Look for these indicators in the plan:

  • Async Horizon Join: Parallel execution using Java-evaluated expressions
  • Async JIT Horizon Join: Parallel execution using Just-In-Time-compiled expressions for better performance
  • Async Multi Horizon Join: Parallel execution with multiple right-hand tables (shown with tables: N indicating the number of right-hand tables)

Current limitations

  • No other join types: HORIZON JOIN cannot be combined with other join types (e.g., JOIN, ASOF JOIN) in the same level of the query. Multiple HORIZON JOINs are allowed, but mixing with non-HORIZON joins is not. Other joins can be done in an outer query.
  • No window functions: Window functions cannot be used in HORIZON JOIN queries.
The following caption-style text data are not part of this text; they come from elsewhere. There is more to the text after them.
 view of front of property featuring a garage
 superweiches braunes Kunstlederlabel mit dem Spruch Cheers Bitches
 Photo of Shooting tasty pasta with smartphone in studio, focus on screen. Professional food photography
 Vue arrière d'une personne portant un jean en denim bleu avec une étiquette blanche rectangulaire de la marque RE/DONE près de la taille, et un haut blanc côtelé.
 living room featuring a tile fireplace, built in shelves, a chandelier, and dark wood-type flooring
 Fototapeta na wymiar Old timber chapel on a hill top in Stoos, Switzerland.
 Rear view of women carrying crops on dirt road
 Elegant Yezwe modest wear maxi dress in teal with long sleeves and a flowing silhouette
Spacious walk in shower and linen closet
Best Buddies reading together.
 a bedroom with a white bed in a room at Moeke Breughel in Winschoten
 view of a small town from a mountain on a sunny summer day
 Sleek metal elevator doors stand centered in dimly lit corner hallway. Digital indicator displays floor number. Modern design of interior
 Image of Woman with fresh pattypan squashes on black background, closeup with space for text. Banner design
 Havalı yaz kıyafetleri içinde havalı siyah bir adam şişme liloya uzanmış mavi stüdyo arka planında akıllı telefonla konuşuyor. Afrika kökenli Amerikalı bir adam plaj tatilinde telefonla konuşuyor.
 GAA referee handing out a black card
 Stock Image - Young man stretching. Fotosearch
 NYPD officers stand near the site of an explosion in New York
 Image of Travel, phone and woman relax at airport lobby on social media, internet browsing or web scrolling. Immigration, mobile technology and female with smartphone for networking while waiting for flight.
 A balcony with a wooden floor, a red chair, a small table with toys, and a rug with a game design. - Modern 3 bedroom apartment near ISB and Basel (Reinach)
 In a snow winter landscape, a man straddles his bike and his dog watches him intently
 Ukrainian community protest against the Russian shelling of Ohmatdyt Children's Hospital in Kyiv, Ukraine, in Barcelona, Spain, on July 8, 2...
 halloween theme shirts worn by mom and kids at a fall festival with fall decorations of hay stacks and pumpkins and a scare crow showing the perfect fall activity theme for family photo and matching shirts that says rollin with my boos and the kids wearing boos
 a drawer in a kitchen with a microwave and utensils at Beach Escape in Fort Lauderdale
Wrap the HORIZON JOIN in a subquery and apply window functions in the outer query.
  • No SAMPLE BY: SAMPLE BY cannot be used with HORIZON JOIN. Use GROUP BY with a time-bucketing expression instead.
  • WHERE filters left-hand table only: The WHERE clause can only reference columns from the left-hand table. References to any right-hand table columns or horizon pseudo-table columns (h.offset, h.timestamp) are not allowed.
  • All tables must have a designated timestamp: The left-hand and all right-hand tables must each have a designated timestamp column.
  • Right-hand side must be a table: Each right-hand side of HORIZON JOIN must be a table with an optional filter, more complex subqueries aren't supported.
  • Left-hand side queries are restricted as well. On the left hand side, the query that works best is a table with an optional filter. Some other query types are also supported, but they degrade the query plan to single-threaded processing.
  • RANGE constraints: STEP must be positive; FROM must be less than or equal to TO.
  • LIST constraints: Offsets must be interval literals (e.g., 1s, -2m, 0) and monotonically increasing.